You are viewing a plain text version of this content. The canonical link for it is here.
Posted to issues@spark.apache.org by "Filimonov Valentin (Jira)" <ji...@apache.org> on 2022/06/04 16:20:00 UTC
[jira] [Updated] (SPARK-39379) FileAlreadyExistsException while insertInto() DF to hive table or directly write().parquet()
[ https://issues.apache.org/jira/browse/SPARK-39379?page=com.atlassian.jira.plugin.system.issuetabpanels:all-tabpanel ]
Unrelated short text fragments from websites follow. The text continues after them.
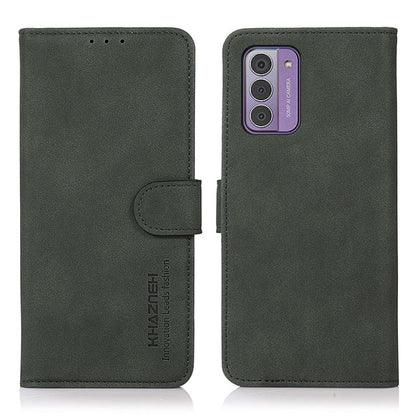 KHAZNEH matte leather phone case folio with strap, green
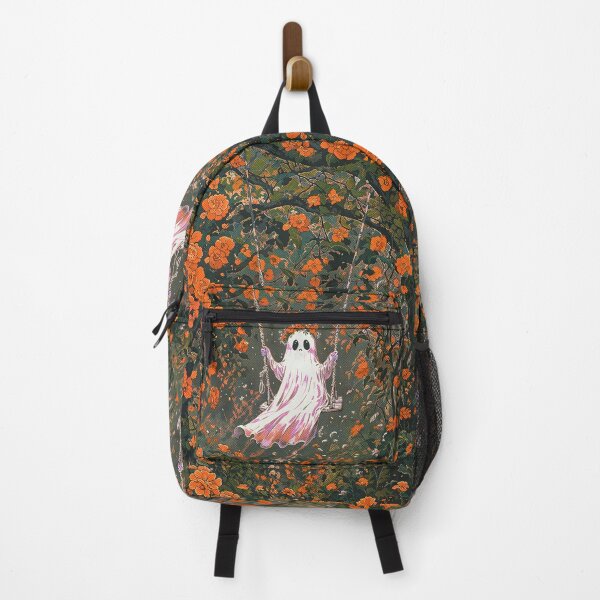 Item preview, Whimsical Ghost on a Swing – Floral Surreal designed and sold by pixelated_echoes.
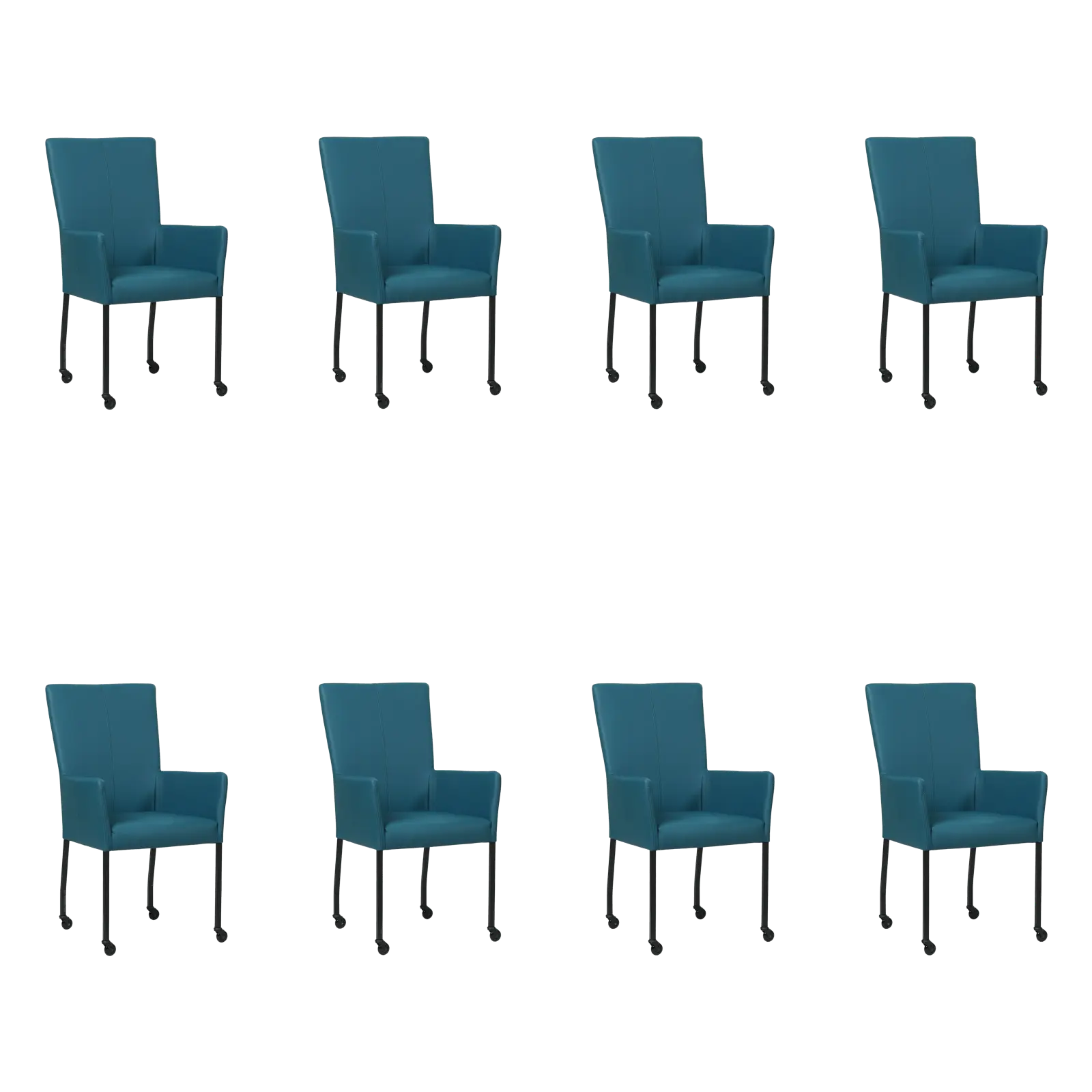 afbeelding van Set van 8 Leren eetkamerstoelen Deal met armleuning - Hermes Turquoise (blauw) - Poten staal vierkant zwart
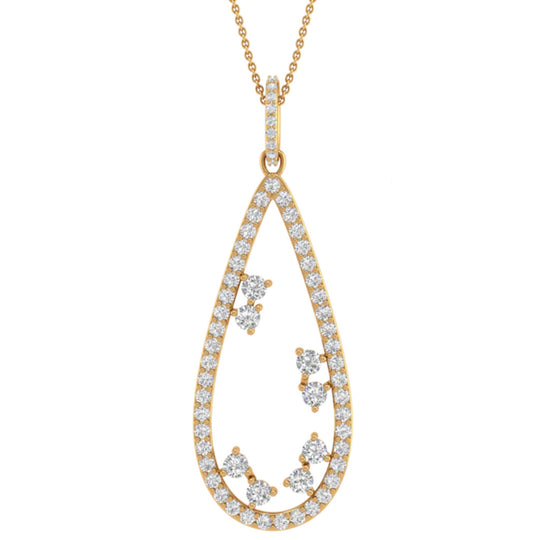 CW Signature 18K Yellow Gold Scattered Diamond Drop Necklace P0513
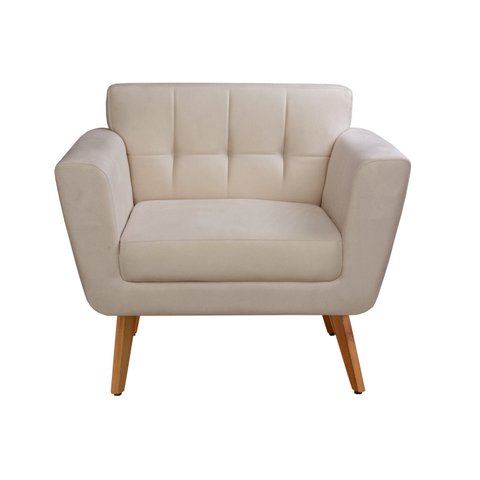 Poltrona Decorativa Bruna Cadeira Living Moderna Recepção Escritório - Veludo Capuccino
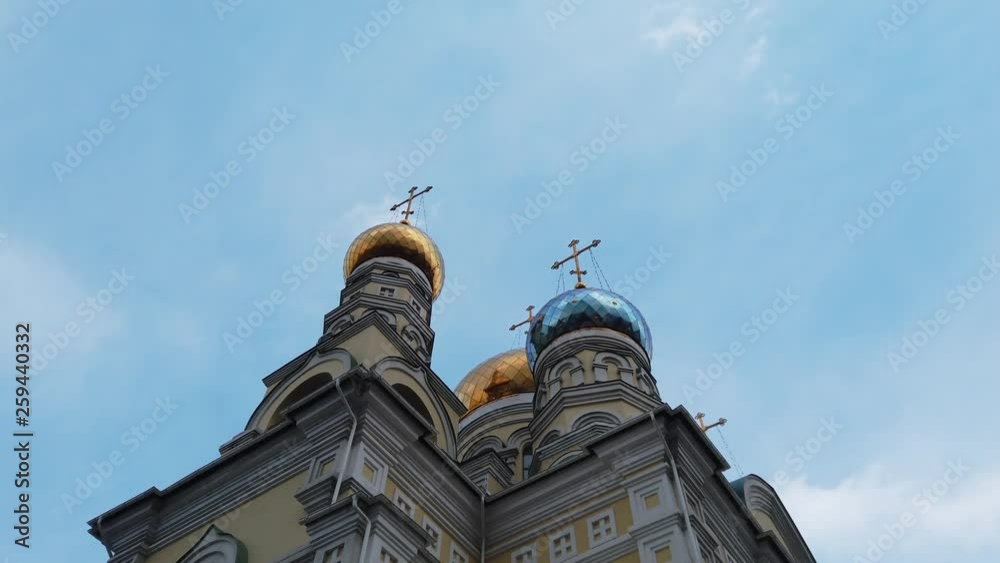 The architecture of the intercession Church against the blue sky. The architecture of the intercession Church against the blue sky.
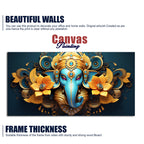 Auspicious Vighnaharta Ganesha Canvas Wooden Wall Painting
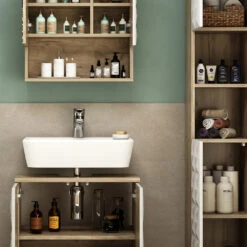 Badmöbel Set "Edge" Weiß/Eiche 3 Teile, Mit Hochschrank Vicco 13 Badmöbel Set "Edge" Weiß/Eiche 3 Teile, Mit Hochschrank Vicco -Vicco 20235312 m5786 05 ol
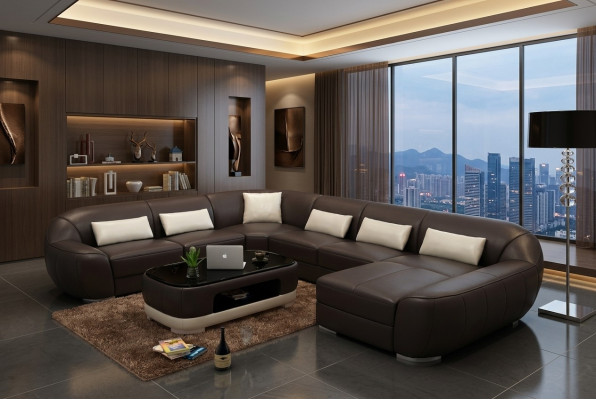 Sofá de cuero moderno en esquina, conjunto de sala de estar, conjunto de cojines de asiento y tapicería.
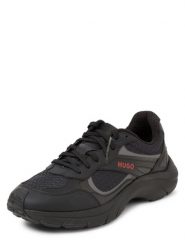 HUGO buty sportowe Mężczyźni Sztuczne włókno czarny, 41. Czarne buty sportowe na co dzień męskie Hugo, ze skóry, bez zapięcia. Za 429.95 zł.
Filimonov Valentin updated SPARK-39379:
---------------------------------------
Environment:
java.version = 1.8
spark.version = 2.4.8
hadoop.version = 3.1.3
File Output Committer Algorithm version is 2
FileOutputCommitter skip cleanup _temporary folders under output directory:false, ignore cleanup failures: false
was:
java.version = 1.8
spark.version = 2.4.8
hadoop.version = 3.1.3
Labels: FileOutputCommitter spark-sql (was: )
> FileAlreadyExistsException while insertInto() DF to hive table or directly write().parquet()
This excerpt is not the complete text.